3. You don't care and just want to keep things from exploding in your face (i.e. none of the above is worth your time): sandboxes then? Maybe something as dramatic as a VM, or if you are in the mood for the unknown, application containers are your best friends. However, the most security-savvy minds out there do warn that containers do not contain. But you still at least benefit from some resource isolation without having to know the internals of your programs. Unprivileged containers are strongly recommended. But otherwise, VMs are still cool.

And now, the cases:

• I want to run a program in a way that is immune to malicious exploitation: since that means any attack, known or unknown, nothing is guaranteed to satisfy your requirement (every security framework should tell you this). But at least, restricting your program to the fewest possible system calls reduces its attack surface, although you can still be attacked from anywhere even if it's a 1% of the possible ways. However, if stripping privileges off applications to make them less useful to the attacker, system call filtering and capability systems will be helpful. Seccomp (available on Linux), Capsicum (available on FreeBSD, and soon on Linux), and POSIX capabilities are options here.

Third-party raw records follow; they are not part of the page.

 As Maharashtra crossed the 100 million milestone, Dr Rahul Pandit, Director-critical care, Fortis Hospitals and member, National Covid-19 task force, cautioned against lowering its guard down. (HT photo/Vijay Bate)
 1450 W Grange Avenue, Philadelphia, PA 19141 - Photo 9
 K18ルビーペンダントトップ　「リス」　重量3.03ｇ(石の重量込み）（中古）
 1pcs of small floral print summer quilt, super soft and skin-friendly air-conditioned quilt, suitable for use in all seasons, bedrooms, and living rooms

• I want to restrict my programs to known/expected behavior: easy (for simple programs) - if you can define runtime behavior in terms of accessed files or kernel objects, then MAC frameworks can help you (AppArmor, SELinux, ...). However, you will also have to make choices as to what level of abstraction you want to express your policies, so preciseness and flexibility will be pulling you in different directions (are paths precise enough, are inodes manageable for you, what about memory segments?).

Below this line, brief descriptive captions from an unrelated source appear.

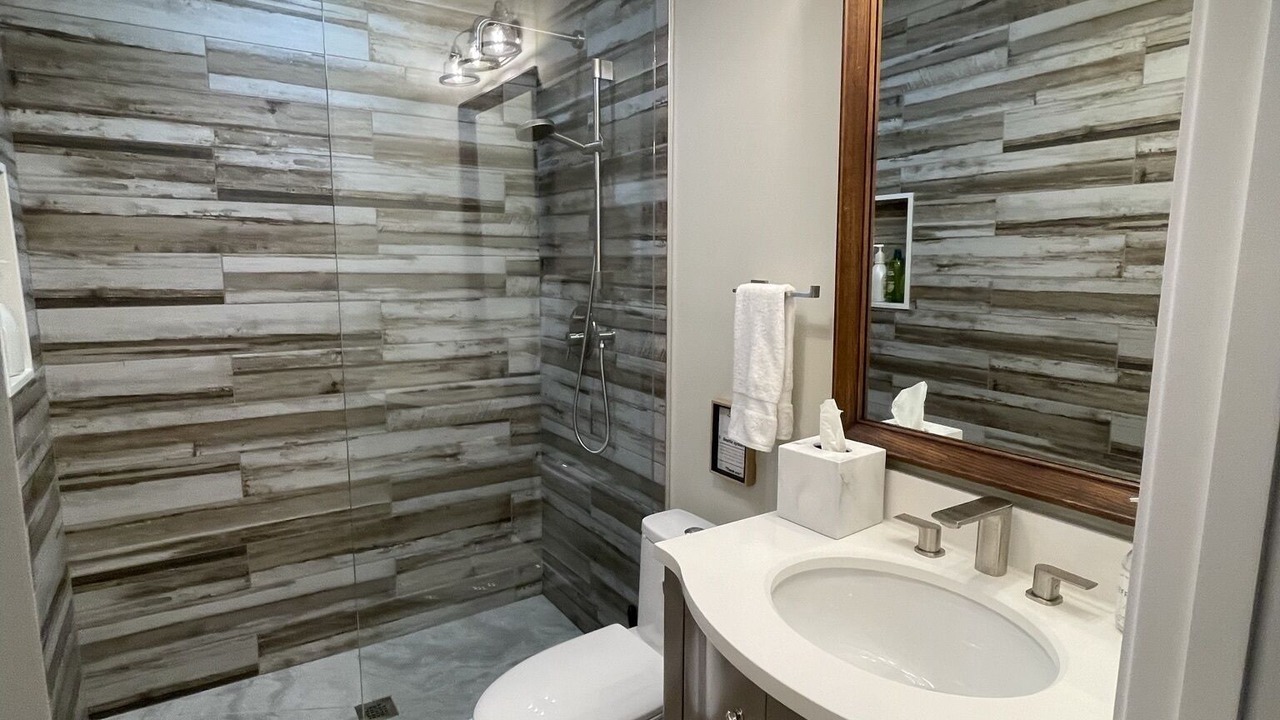 Photo of Bathroom in Tiny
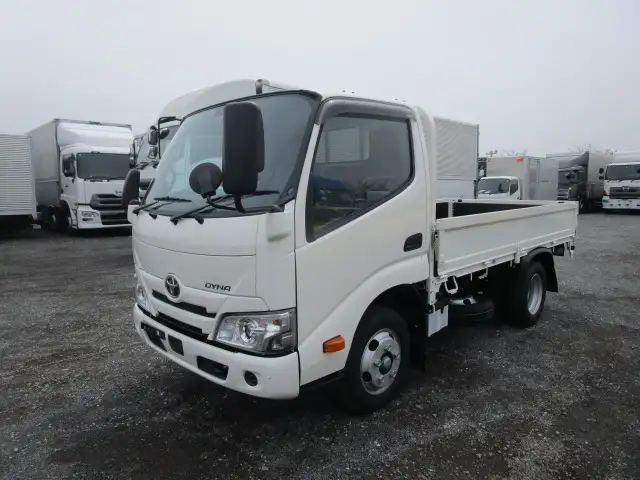 トヨタ ダイナ 小型 平ボディ 2KG-XZC605 R6｜画像1
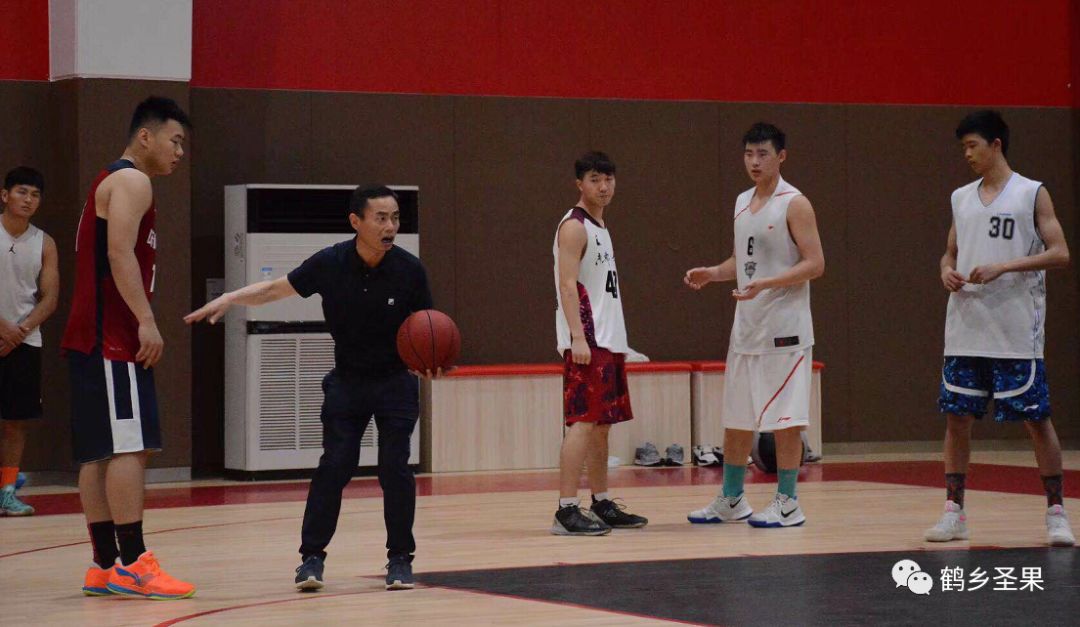 严格：千淘万漉虽辛苦吹尽狂沙始到金——画圆战术创始人李晓波的篮球故事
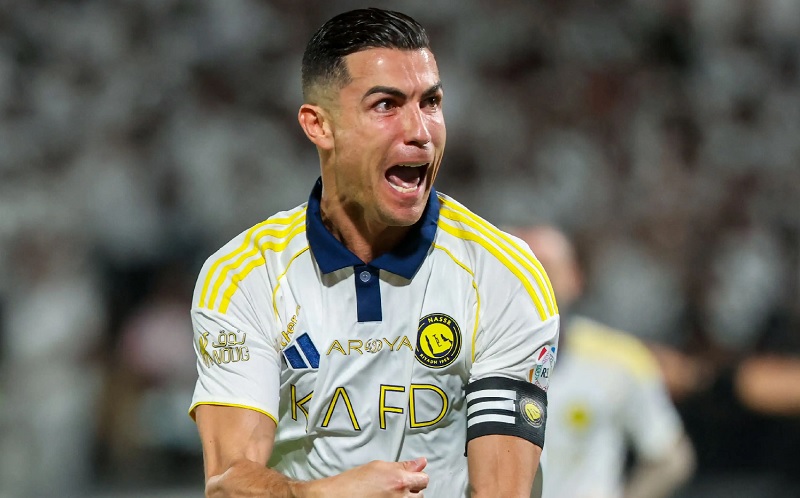 Ronaldo lập kỷ lục chưa từng có trong lịch sử bóng đá - Ảnh 1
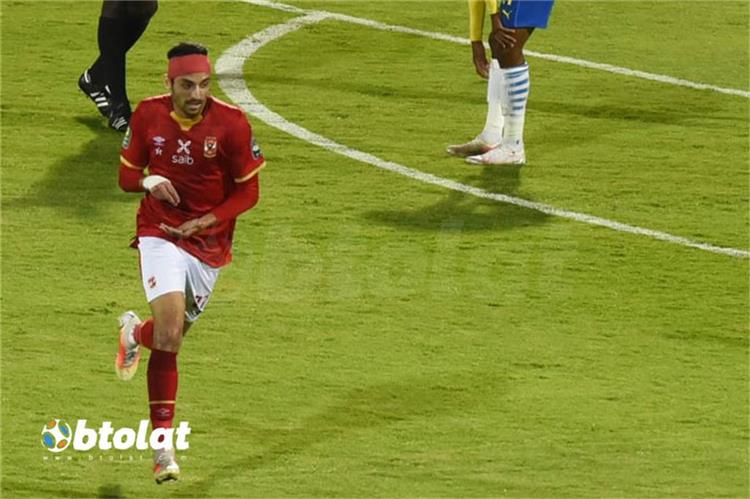 طاهر محمد طاهر لاعب الأهلي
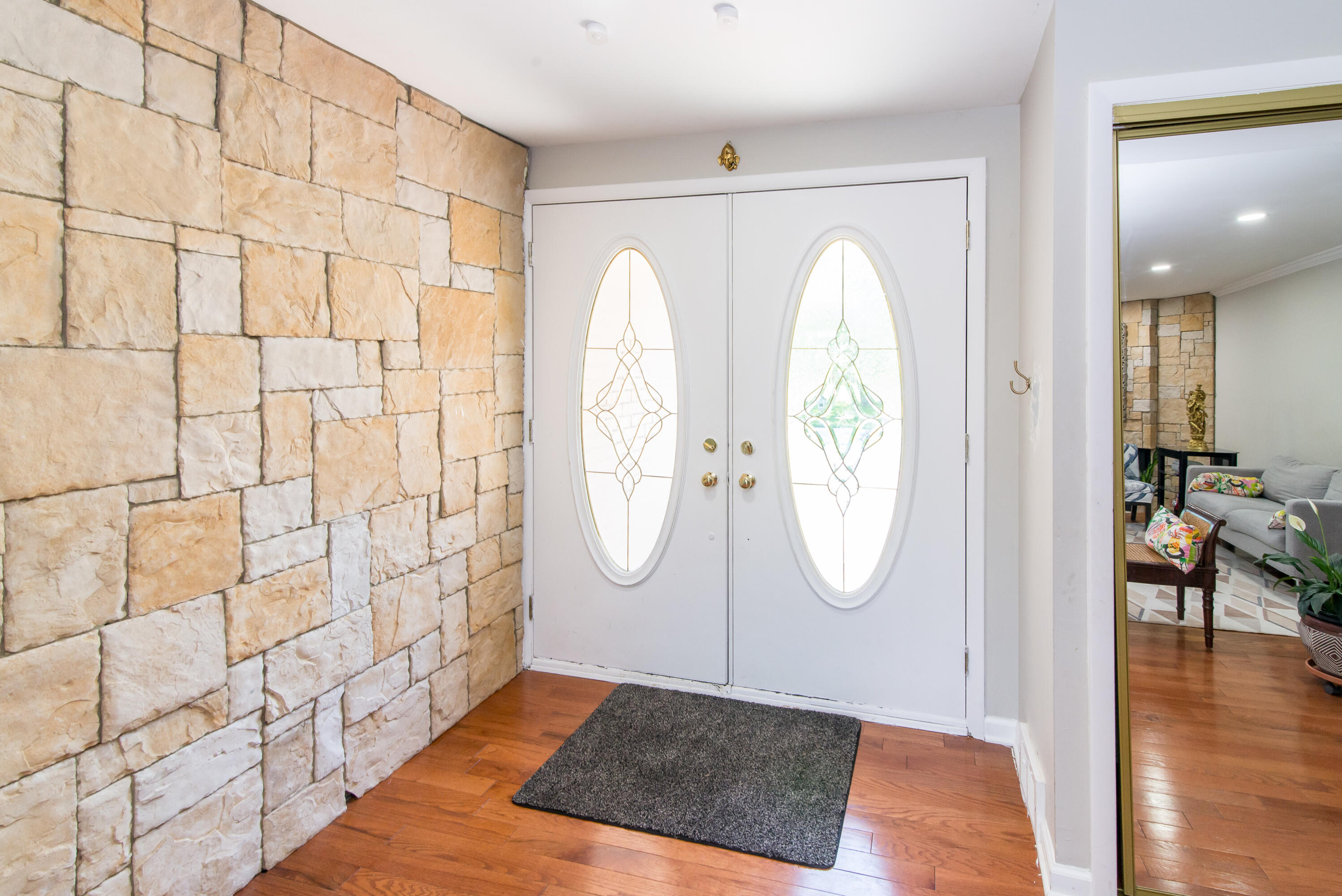 22666 Deerfield Road Novi, MI 48375 - Photo 5 of 31 015_35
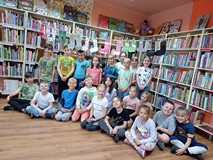 Zdjęcie ze skarpetkami i klasą II a Szkoły Podstawowej nr 9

• I often find myself needing to run programs with elevated privileges and worry it may be too risky: we've all been there. Dropping capabilities is probably the most reasonable option. It is OS-specific (and so are all the others), but at least implementation-independent if done as part of access control on a given machine (as opposed to invoking the capabilities interface programmatically, which will depend on available bindings in your language).